I have decided to replace the factor tires with Maxxis E rated tires . I am now questioning if the spare should be replaced ? It has been used once (about 70 miles on It, about three yrs old ) and covered .when not in use. Any opinions ?


----------



## CamperAndy (Aug 26, 2004)

vinny said:


> The consensus seems to be E rated tires are the better choice. I was thinking in my case the remaining tire was carrying twice the load and might have also failed, don't know what might have happened then. Also the D rated tires are marked "maximum speed 65 mph" are the E tires rated higher ?


All ST trailer tires are speed rated to 65 mph.



vinny said:


> I have decided to replace the factor tires with Maxxis E rated tires . I am now questioning if the spare should be replaced ? It has been used once (about 70 miles on It, about three yrs old ) and covered .when not in use. Any opinions ?


spare should be fine but if you have the money and want the piece of mind then get a m matching "E" rated tire for the spare.


----------



## KTMRacer (Jun 28, 2010)

I'd go with the E rated Maxxis. only a few $ more than the D load range.

As for speed ratings, Maxxis, and a few other mfg now do have a higher speed rating for ST tires. With Maxxis you can go as high as 85MPH but with a drop in max load rating. Carlisie is similar in that at least some of there tires carry a 75mph speed rating. Mfg I think are finally realizing that people do tow above 65mph.

Personally, we are not in a hurry, take our time getting places and 65ish is a good speed for us, so no issue. 65 towing a 35ft trailer and 65ft overall is in my comfort zone.

Now traveling in our sedan and roadster, well that's another story, I miss Montana's old "reasonable and prudent" speed limit to bad it is now gone


----------



## vinny (Sep 17, 2014)

I just had the Maxxis E rated tires installed. All four of the factory Trailed tires were out of shape and separated. I am glad I replaced all four tires.
I am now wondering how much air to put in them. The recommended pressure for the stock D rated tires was 65psi. Should I go to 70-75psi ?


----------



## CamperAndy (Aug 26, 2004)

vinny said:


> I just had the Maxxis E rated tires installed. All four of the factory Trailed tires were out of shape and separated. I am glad I replaced all four tires.
> I am now wondering how much air to put in them. The recommended pressure for the stock D rated tires was 65psi. Should I go to 70-75psi ?


I would go with the max rated pressure on the tire which is typically 80 psi for "E" tires.


----------



## Aluminum UFO (Jul 1, 2016)

A similar discussion is rampant with Airstreams. Many, as I did myself, went from 15" Marathon D Rate Trailer tires to 16" wheels and Michelin LT225/75R16 LTX AT2 E Rated and 16" Sendel aluminum wheels. I have a 25 foot International Airstream and a F350 Ford Diesel for a tow vehicle with 18" Michelins.

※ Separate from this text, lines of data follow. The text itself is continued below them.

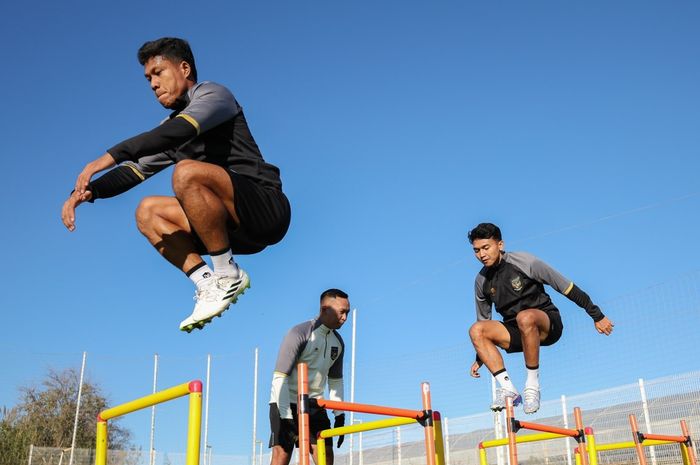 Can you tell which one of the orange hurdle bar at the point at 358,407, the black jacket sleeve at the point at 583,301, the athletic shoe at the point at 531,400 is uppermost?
the black jacket sleeve at the point at 583,301

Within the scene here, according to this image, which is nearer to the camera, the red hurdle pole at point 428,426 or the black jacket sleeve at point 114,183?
the black jacket sleeve at point 114,183

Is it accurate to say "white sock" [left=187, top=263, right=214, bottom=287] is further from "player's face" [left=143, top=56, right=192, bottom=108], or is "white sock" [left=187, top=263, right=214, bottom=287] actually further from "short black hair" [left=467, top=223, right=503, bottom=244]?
"short black hair" [left=467, top=223, right=503, bottom=244]

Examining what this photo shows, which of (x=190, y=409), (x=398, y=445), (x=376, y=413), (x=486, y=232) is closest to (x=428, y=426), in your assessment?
(x=376, y=413)

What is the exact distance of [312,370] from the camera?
5.72m

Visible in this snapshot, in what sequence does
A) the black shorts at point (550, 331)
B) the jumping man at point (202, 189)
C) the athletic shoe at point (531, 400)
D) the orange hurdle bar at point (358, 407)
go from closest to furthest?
the jumping man at point (202, 189) < the orange hurdle bar at point (358, 407) < the athletic shoe at point (531, 400) < the black shorts at point (550, 331)

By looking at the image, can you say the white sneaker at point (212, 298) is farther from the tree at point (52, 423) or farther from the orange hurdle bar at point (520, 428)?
the tree at point (52, 423)

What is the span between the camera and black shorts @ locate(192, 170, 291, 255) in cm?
305

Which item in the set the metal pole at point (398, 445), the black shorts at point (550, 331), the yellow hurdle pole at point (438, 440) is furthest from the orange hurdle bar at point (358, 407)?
the metal pole at point (398, 445)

The higher priced Airstreams in the $80,000+ come standard with Michelin light truck E Rated Tires. It is now an 'upgrade' for an additional cost to go from Goodyear Marathons to Michelin LT tires.

There is more tread and I have not had any complaint. These tires are rated for much higher speeds than ST tires. Costco also uses Nitrogen, which I found rarely, if ever, requires adding to maintain pressure.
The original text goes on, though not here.